__What to work on__
Pictures stay out of the answer, but every line of the material must be restated exactly.

__Data provided__
━━━━━━

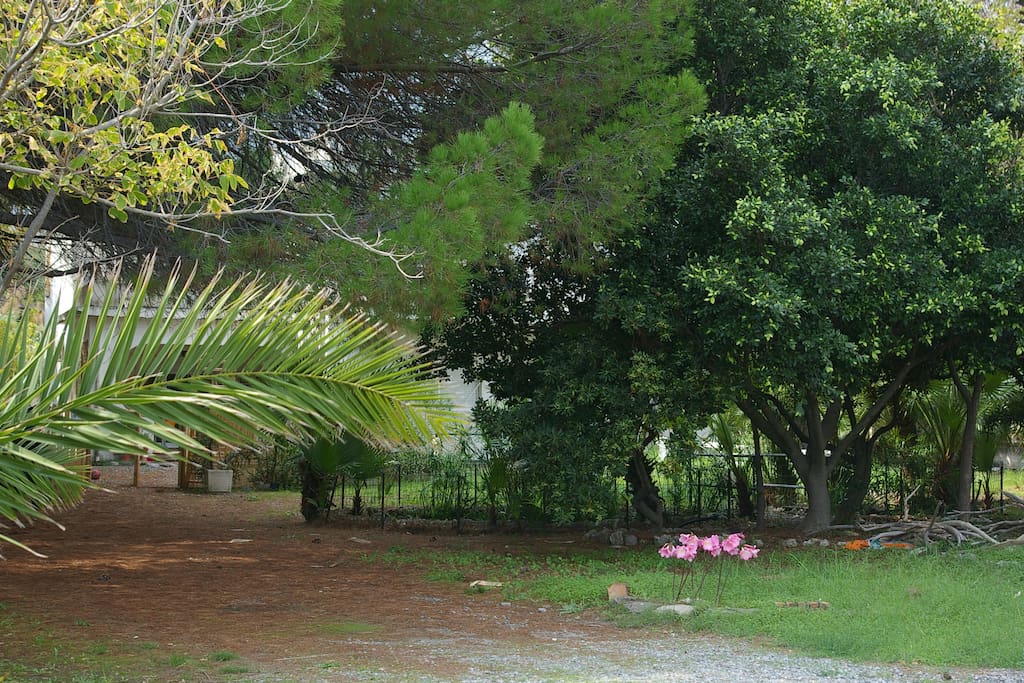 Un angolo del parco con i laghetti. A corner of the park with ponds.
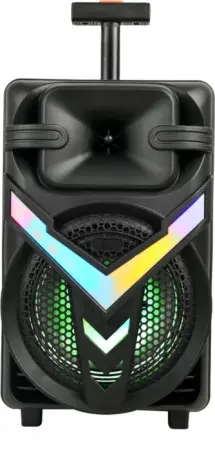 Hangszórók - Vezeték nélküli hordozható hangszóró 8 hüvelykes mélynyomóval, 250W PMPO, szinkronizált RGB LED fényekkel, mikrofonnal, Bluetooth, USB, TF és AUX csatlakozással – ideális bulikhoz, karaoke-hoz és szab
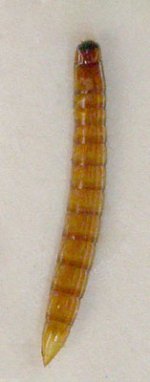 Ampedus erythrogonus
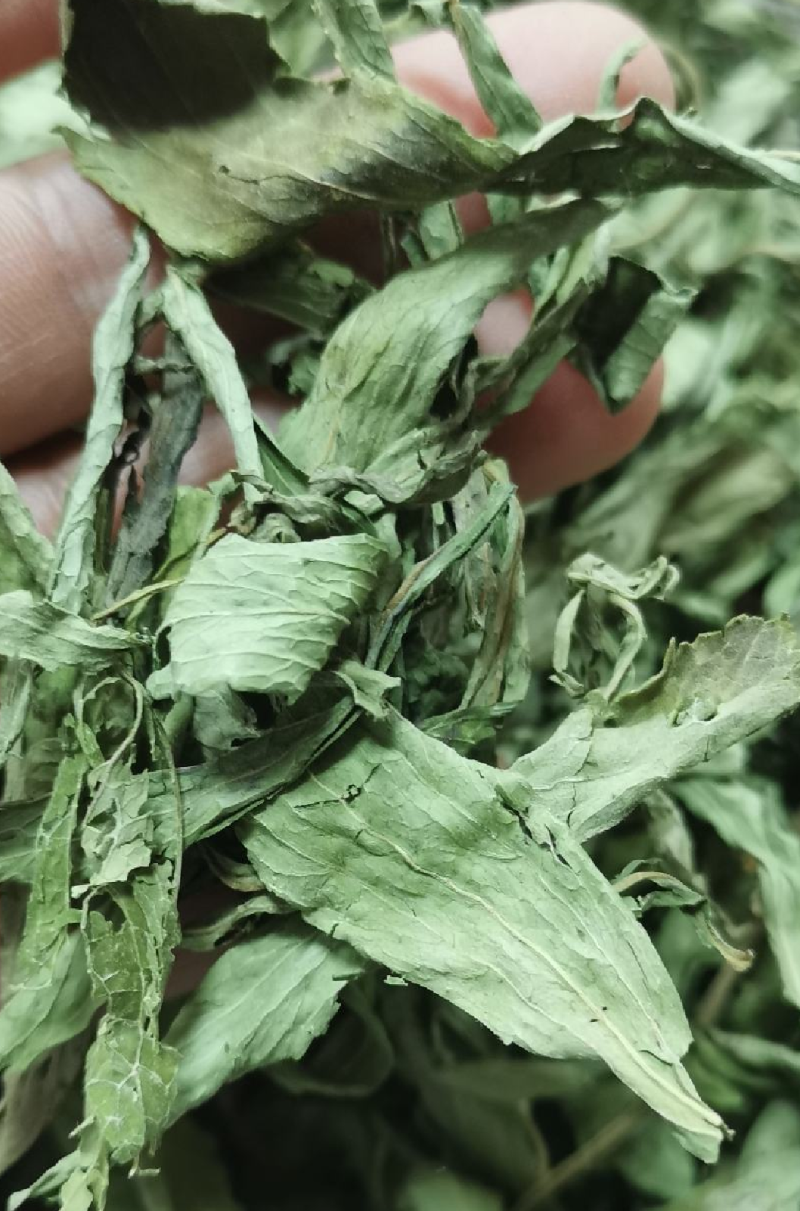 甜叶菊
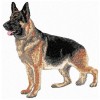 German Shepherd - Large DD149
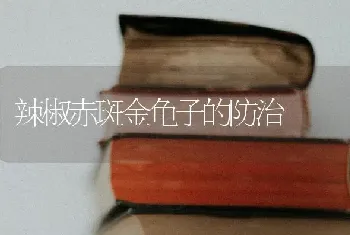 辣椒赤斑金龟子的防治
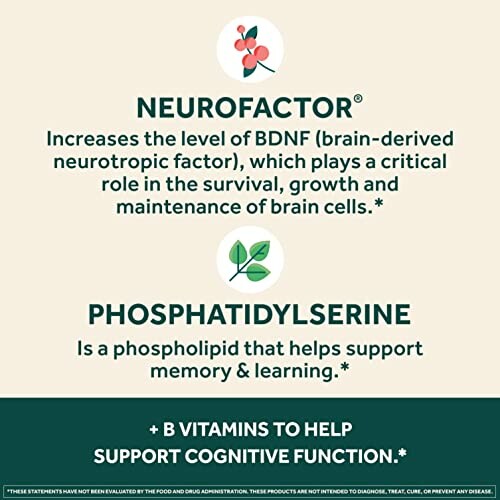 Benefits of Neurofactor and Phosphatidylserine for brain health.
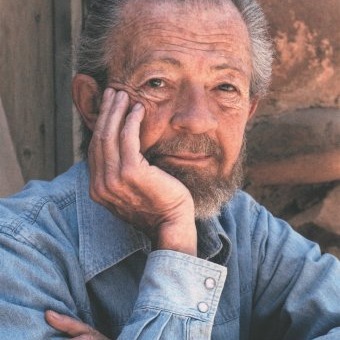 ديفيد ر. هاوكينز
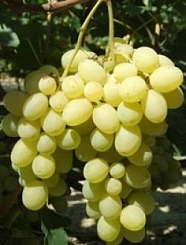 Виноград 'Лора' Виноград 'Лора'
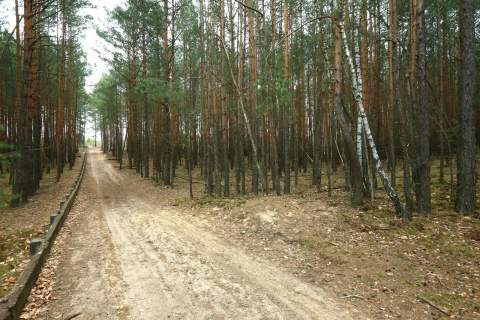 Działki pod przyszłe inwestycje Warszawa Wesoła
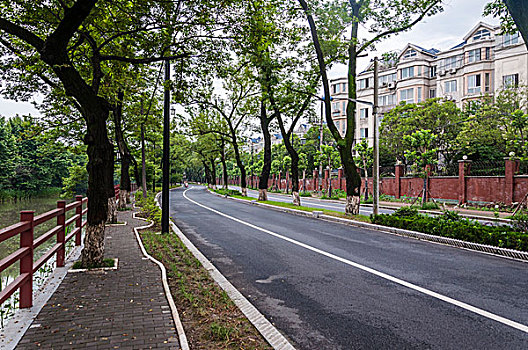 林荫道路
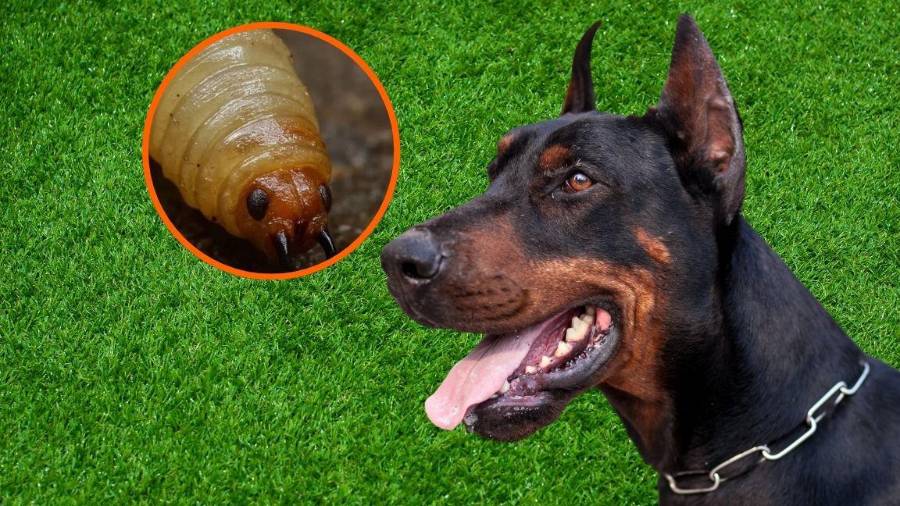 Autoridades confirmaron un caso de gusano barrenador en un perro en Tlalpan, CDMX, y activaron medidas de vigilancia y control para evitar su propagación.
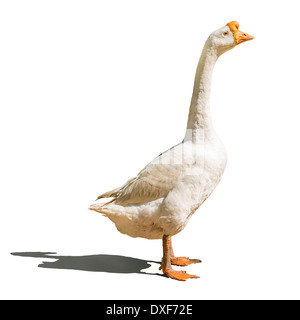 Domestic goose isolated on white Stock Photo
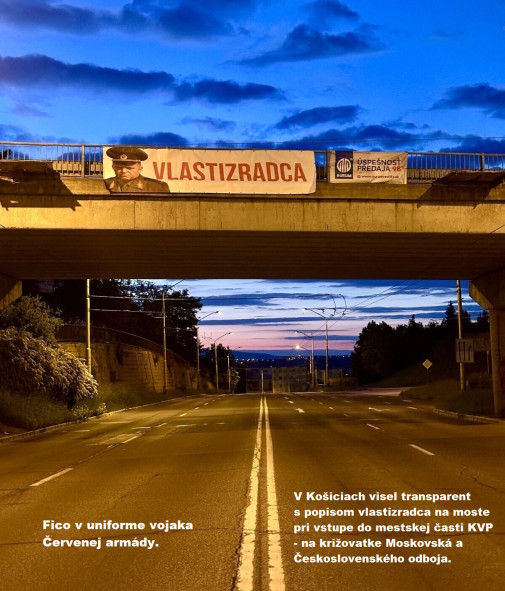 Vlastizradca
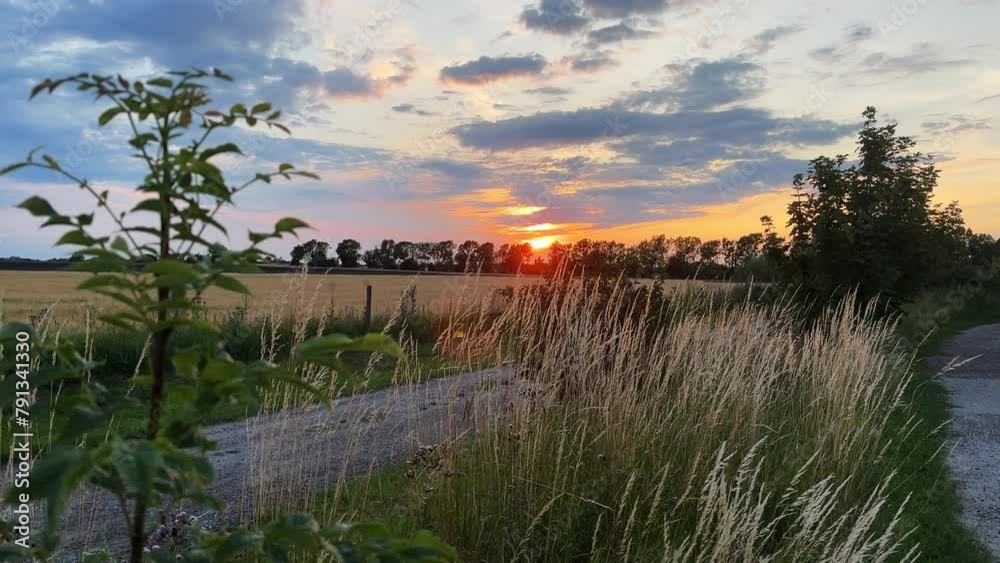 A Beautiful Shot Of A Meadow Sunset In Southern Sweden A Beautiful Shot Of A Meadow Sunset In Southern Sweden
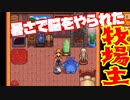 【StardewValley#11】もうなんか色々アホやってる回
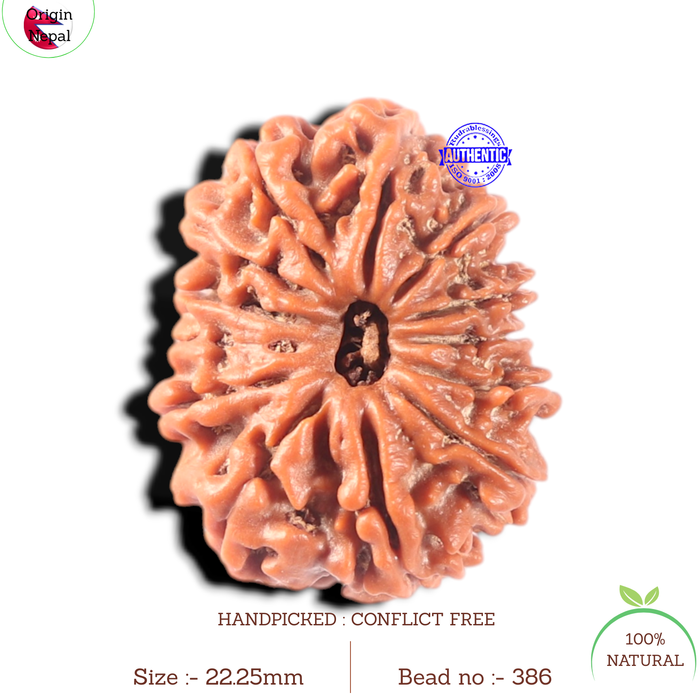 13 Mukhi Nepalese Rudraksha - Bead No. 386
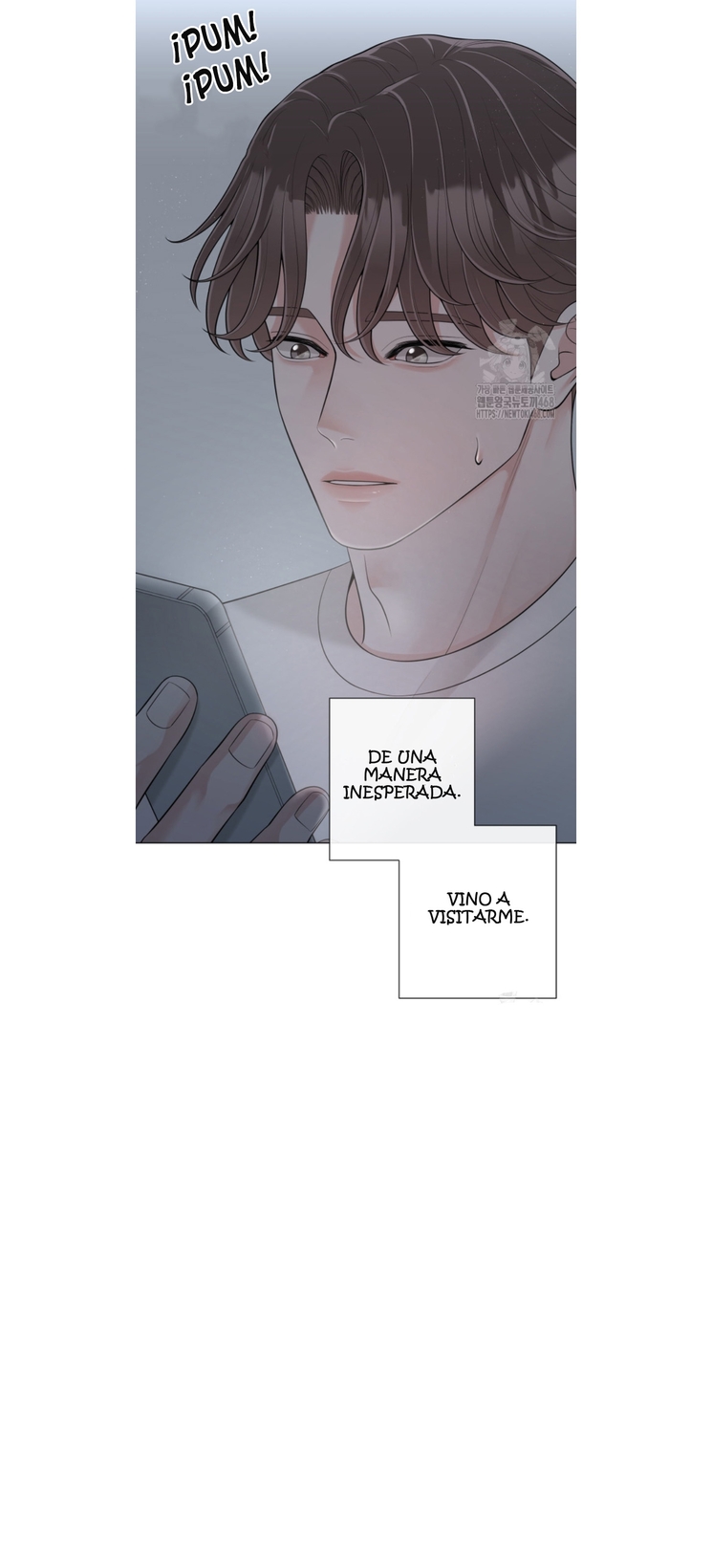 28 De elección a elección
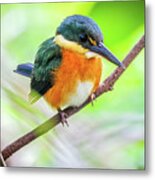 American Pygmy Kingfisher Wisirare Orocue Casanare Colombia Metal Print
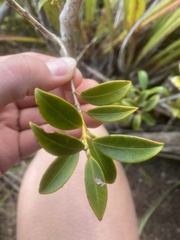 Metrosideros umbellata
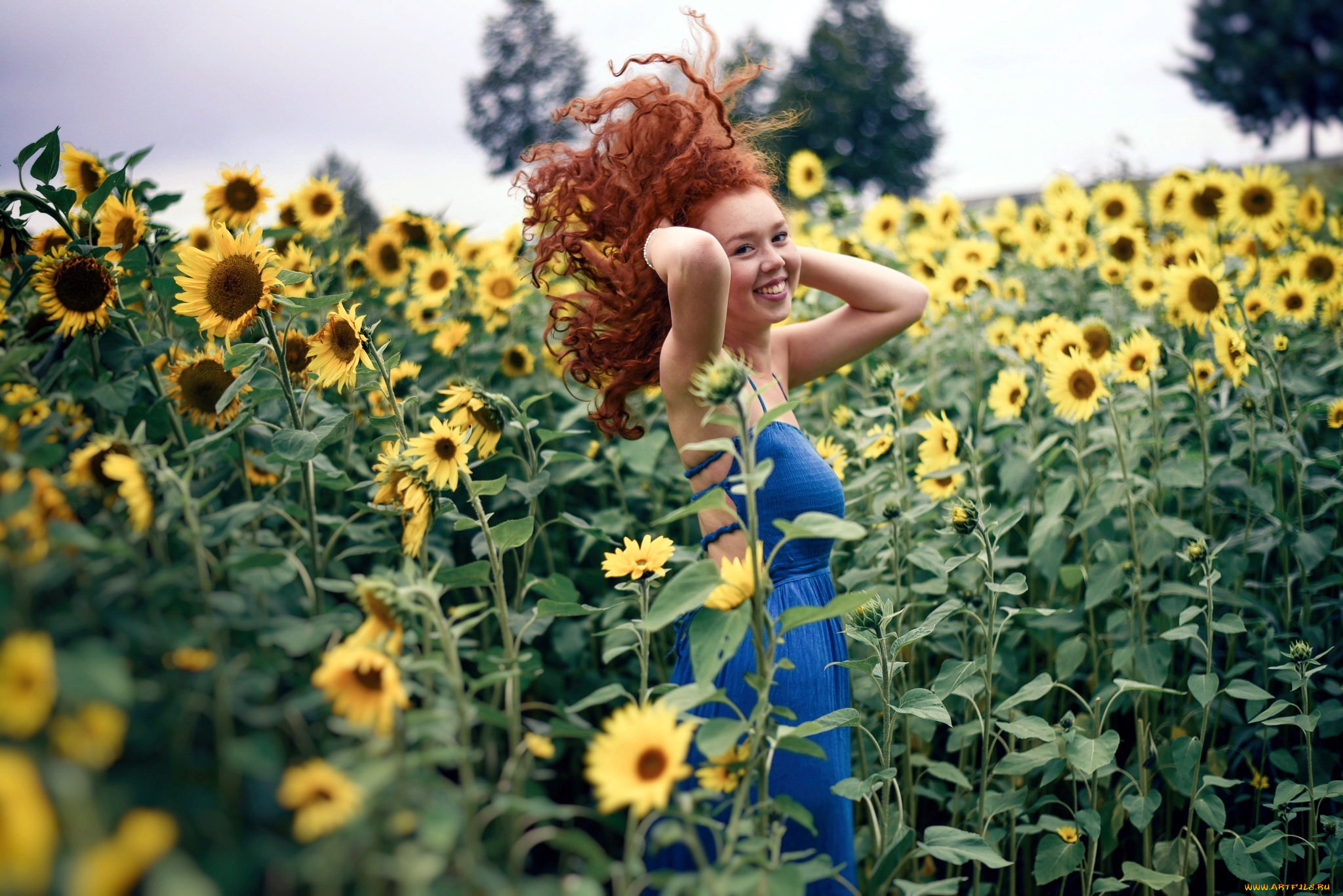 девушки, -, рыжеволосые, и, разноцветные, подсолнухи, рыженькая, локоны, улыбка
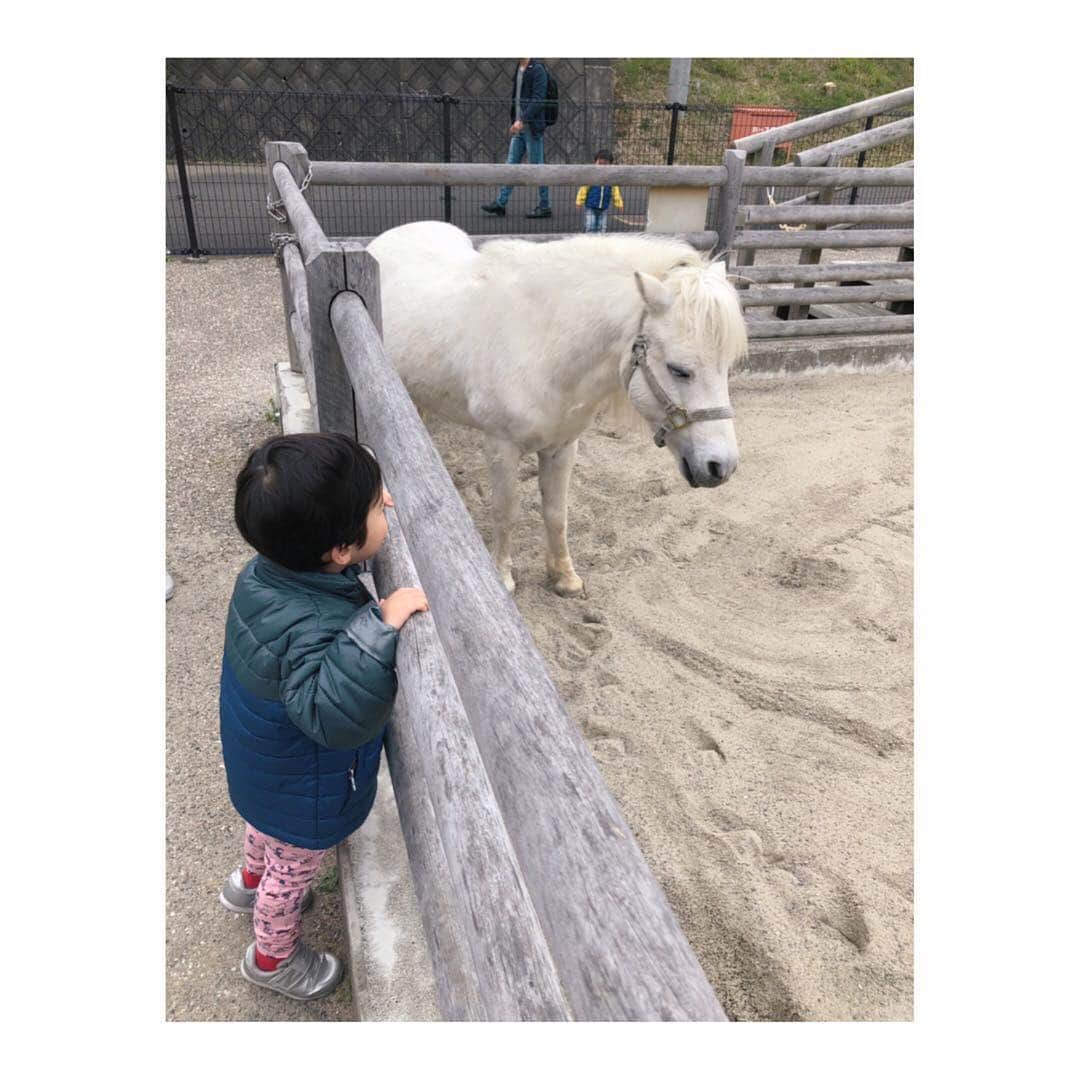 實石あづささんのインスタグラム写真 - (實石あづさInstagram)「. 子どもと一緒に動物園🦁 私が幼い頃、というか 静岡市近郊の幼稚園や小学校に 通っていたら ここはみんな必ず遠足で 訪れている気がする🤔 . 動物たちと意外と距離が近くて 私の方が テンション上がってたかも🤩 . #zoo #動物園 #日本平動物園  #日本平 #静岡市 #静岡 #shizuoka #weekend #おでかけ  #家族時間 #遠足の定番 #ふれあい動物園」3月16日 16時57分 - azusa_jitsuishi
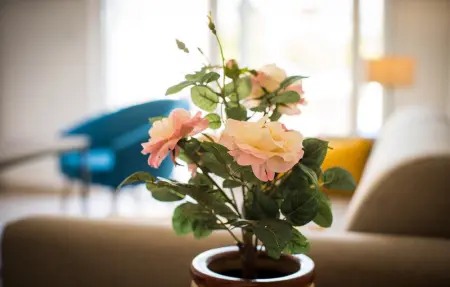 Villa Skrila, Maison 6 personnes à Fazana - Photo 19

━━━━━━

__Solution for this exercise__
 Un angolo del parco con i laghetti. A corner of the park with ponds.
 Hangszórók - Vezeték nélküli hordozható hangszóró 8 hüvelykes mélynyomóval, 250W PMPO, szinkronizált RGB LED fényekkel, mikrofonnal, Bluetooth, USB, TF és AUX csatlakozással – ideális bulikhoz, karaoke-hoz és szab
 Ampedus erythrogonus
 甜叶菊
 German Shepherd - Large DD149
 辣椒赤斑金龟子的防治
 Benefits of Neurofactor and Phosphatidylserine for brain health.
 ديفيد ر. هاوكينز
 Виноград 'Лора' Виноград 'Лора'
 Działki pod przyszłe inwestycje Warszawa Wesoła
 林荫道路
 Autoridades confirmaron un caso de gusano barrenador en un perro en Tlalpan, CDMX, y activaron medidas de vigilancia y control para evitar su propagación.
 Domestic goose isolated on white Stock Photo
 Vlastizradca
 A Beautiful Shot Of A Meadow Sunset In Southern Sweden A Beautiful Shot Of A Meadow Sunset In Southern Sweden
 【StardewValley#11】もうなんか色々アホやってる回
 13 Mukhi Nepalese Rudraksha - Bead No. 386
 28 De elección a elección
 American Pygmy Kingfisher Wisirare Orocue Casanare Colombia Metal Print
 Metrosideros umbellata
 девушки, -, рыжеволосые, и, разноцветные, подсолнухи, рыженькая, локоны, улыбка
 實石あづささんのインスタグラム写真 - (實石あづさInstagram)「. 子どもと一緒に動物園🦁 私が幼い頃、というか 静岡市近郊の幼稚園や小学校に 通っていたら ここはみんな必ず遠足で 訪れている気がする🤔 . 動物たちと意外と距離が近くて 私の方が テンション上がってたかも🤩 . #zoo #動物園 #日本平動物園  #日本平 #静岡市 #静岡 #shizuoka #weekend #おでかけ  #家族時間 #遠足の定番 #ふれあい動物園」3月16日 16時57分 - azusa_jitsuishi
 Villa Skrila, Maison 6 personnes à Fazana - Photo 19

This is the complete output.